El “rapto de mujeres” es el significante cultural elegido por Levi-Strauss para ilustrar el carácter complejo de la consolidación de la cultura en tanto intercambio simbólico. Hecho que Gayle Rubin destaca como el elemento de desigualdad evidente, en tanto que despoja a las mujeres de su condición de sujeto reduciéndolas a objeto de intercambio entre los varones. El origen de la desigualdad aparece entonces conformado por relaciones de intercambio que han sido sustentadas previamente en un orden de regulación desigual, cuya base es la concepción natural de la desigualdad una vez definidos los roles sexuales.
Si bien el libro de De Beauvoir deriva en una revisión histórica de los mitos y las pautas culturales, y busca definir una postura filosófica y conceptual más amplia que la definición del origen de la opresión de las mujeres, Rubin se concentra en demostrar cómo las relaciones de dominación que caracterizan el sistema sexo/género se articulan en la combinación de los tres dispositivos: la economía (que incluye la relación con el entorno y en términos de sobrevivencia), la estructura psíquica (de los seres humanos bajo un enfoque que teoriza la diferencia y postula la desigualdad), y la sexualidad (no erótica sino reproductiva, como el fundamento de la vida social).

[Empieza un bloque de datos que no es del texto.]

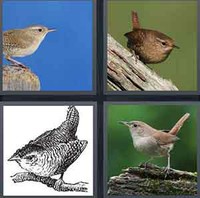 4 Pics 1 Word Wren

La desigualdad de género se asienta en la cultura a través de lo que los antropólogos llaman relaciones de parentesco, que consisten en definir y organizar las bases inconscientes de la cultura sobre la definición de roles sexuales que son concebidos como naturales, e instrumentados simbólicamente para garantizar la sobrevivencia de la especie. La necesidad de garantizar la reproducción humana hizo que cada unidad familiar estuviera integrada al menos por una persona de cada sexo a la que previamente se había asignado una función social (no intercambiable ni recíproca) y un valor simbólico desigual que se centra en la actividad reproductiva y reduce la sexualidad humana a ésta.
De entonces a nuestros días, la sustitución de la sexualidad reproductiva por la sexualidad erótica no ha terminado con la carga de misoginia y homofobia de la primera; ni las habilidades y facultades de autonomía que se les reconoce a las mujeres han podido reasignarles plenamente la condición de sujetos que la modernidad reclama para todos los individuos. La ciencia y el desarrollo tecnológico permiten hoy desde cambios de sexo, bebés de probeta, hasta la posibilidad de redefinir la identidad y el proyecto de toda la humanidad en cualquier sentido.
Una vez asimilada la revelación de la llamada perspectiva de género, a saber: que los hombres y las mujeres no somos como somos por causas naturales sino sociales; o más precisamente: que la opresión se articula en el entramado complejo de naturaleza y cultura que constituye lo humano; tenemos todavía mucho que hacer. En labios de Simone de Beauvoir: “La mujer no nace”, la humanidad misma está integrada en la segunda parte de su idea, como algo que deviene y cuya definición de identidad deberá ser capaz de alterar la condición humana hacia la posibilidad de reconocimiento y encuentro entre los dos sexos, o bien hacia la radicalización de un individualismo extremo, capaz de dibujar formas de vida inéditas y en aislamiento.